To think that the outcome of these questions can either rank or tank your business (in addition to data pulled from the black list of domains from Google Chrome) at least for Google is adding another layer to the SEO process.
If the website passes the editorial review, then a potential penalty can be lifted, on the contrary if it does not, then it can be flagged for suppression.
On the flip side, if the role of the quality rater is sent to sweep and objectively grade websites that are being considered for penalties, what if that person is in a bad mood (from numerous potential stress triggers), or what happens if “a search juror” has a vested interest or personal prejudice about the site or type of website they are grading?

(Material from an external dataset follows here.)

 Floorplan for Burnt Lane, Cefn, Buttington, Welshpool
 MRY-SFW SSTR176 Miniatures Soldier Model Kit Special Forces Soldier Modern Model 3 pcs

Should someone’s website who is (a) either oblivious to SEO or (b) doing their best to rank in a competitive market have all progress erased and be sent “to the back of the line” with a manual review penalty? While this may be a few questions and answers to a quality rater, on the other side of that site are vested hours and often famility from employees to feed, bills to pay to keep the business going and tons of debt hanging in the balance.
In short, how many people do quality raters “take out” inadvertently as online or brick and mortar businesses are being forced to fold since their one low cost promotional method (their website) is now nowhere to be found.
Years ago, DMOZ had the most noble intentions of sniffing out quality and since it used volunteers to perform the rating, who is to say that there was not a hidden agenda lurking in their midst.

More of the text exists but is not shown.